Chad Zambito, vice president of marketing with the Genesee County Economic Development Center, brought us up to speed earlier today on a few of the more promising projects currently in the works for the county.

Most folks are probably familiar with the Genesee Valley Agri-Business Park, which has received a lot of press coverage in the Daily News. A Canadian food processor is planning to break ground at that site in the spring. That could mean the creation of about 100 jobs. There are also hopes for the site to include a sort of agricultural showcase center similar to the New York Wine & Culinary Center recently launched in Canandaigua that would highlight the region's dairy production.

Another major project in the pipeline is the Upstate Med & Tech Park and Commercialization Center. Situated on 34 acres across the street from Genesee Community College, the park will host a Life Sciences Center that would allow college students to get on-hand training in those fields. About half of the land is already shovel ready, so expect to see some buildings going up there soon.

That brings us to the most ambitious project currently in the works at the GCEDC: Alabama's STAMP site.
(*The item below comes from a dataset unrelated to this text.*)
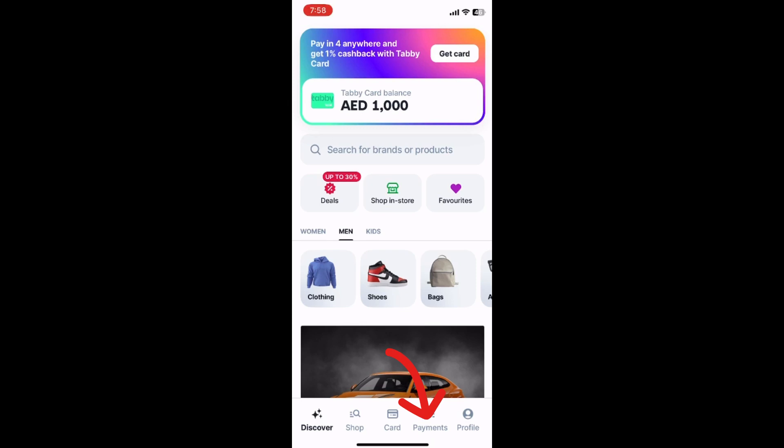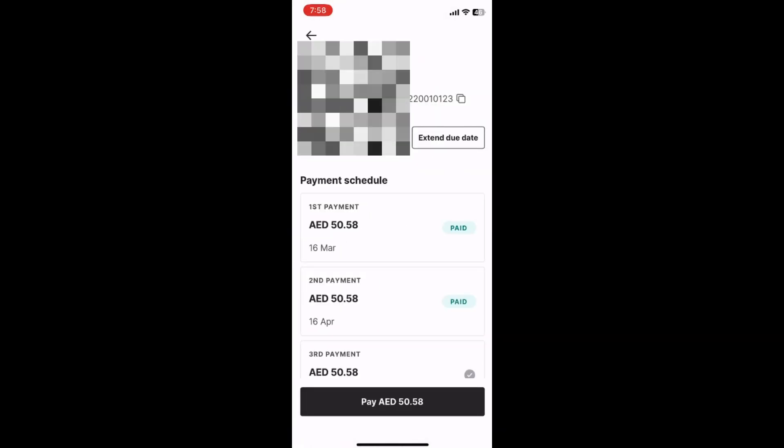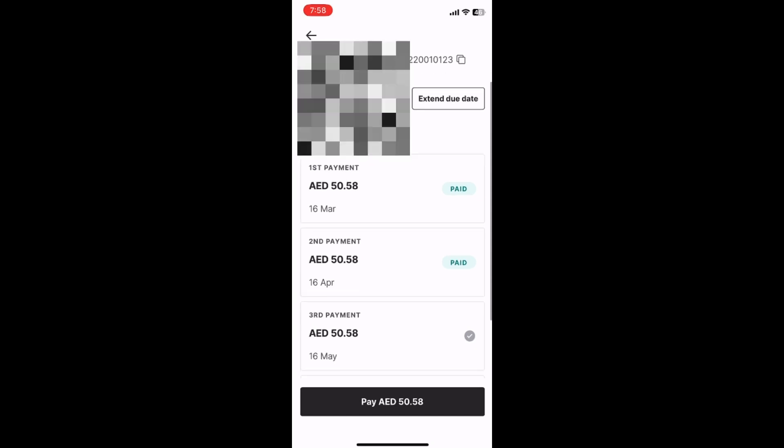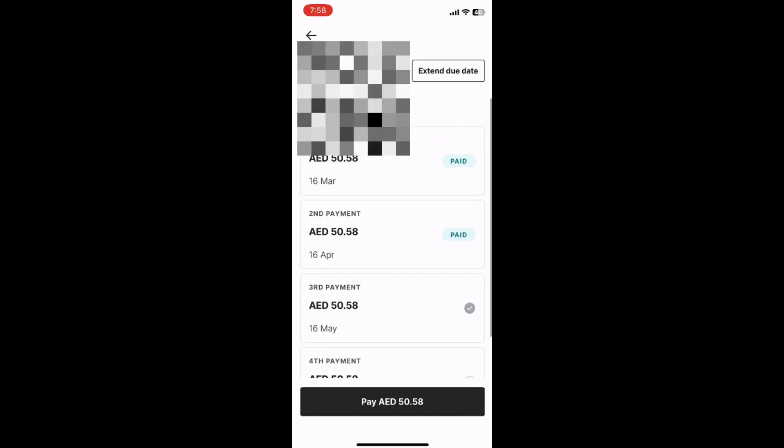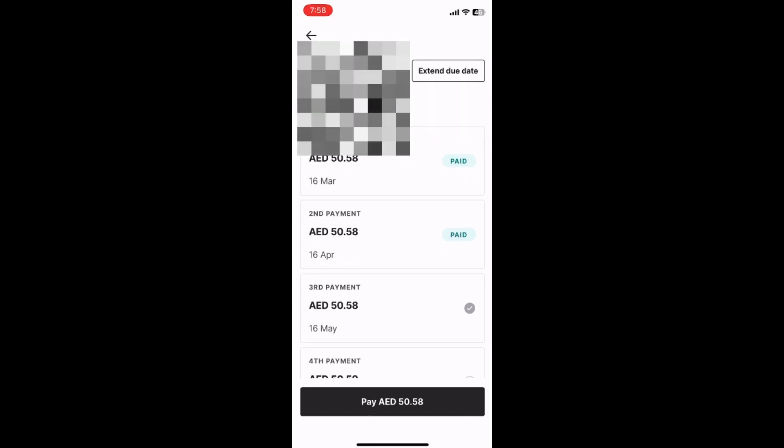Lastly, click on Manage. Your Tabby balance will be displayed prominently on this screen. Now you know how to check your Tabby balance online.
STAMP stands for Science, Technology, Advanced Manufacturing Park. It's situated on no less than 1,300 acres between Route 77 and the Tonawanda Indian Reservation. Zambito estimates up to 10,000 jobs could be created at the site at full build out. He cautiously follows that up with the note that it would likely take some 25 years to acheive that.

All the purple buildings in the center of this map would house the manufacturing centers. Zambito said the site would likely be used for the production of photovoltaic cells that would harvest electricty from sunlight. In fact, this project, situated in a region that is already coveted for its potential wind energy, could become the foundation of a green energy industrial complex. This project is still some years from any actual construction. The GCEDC is right now getting the designs finalized and hopes to start bringing potential investors and manufacturers out to the site for visits later next year.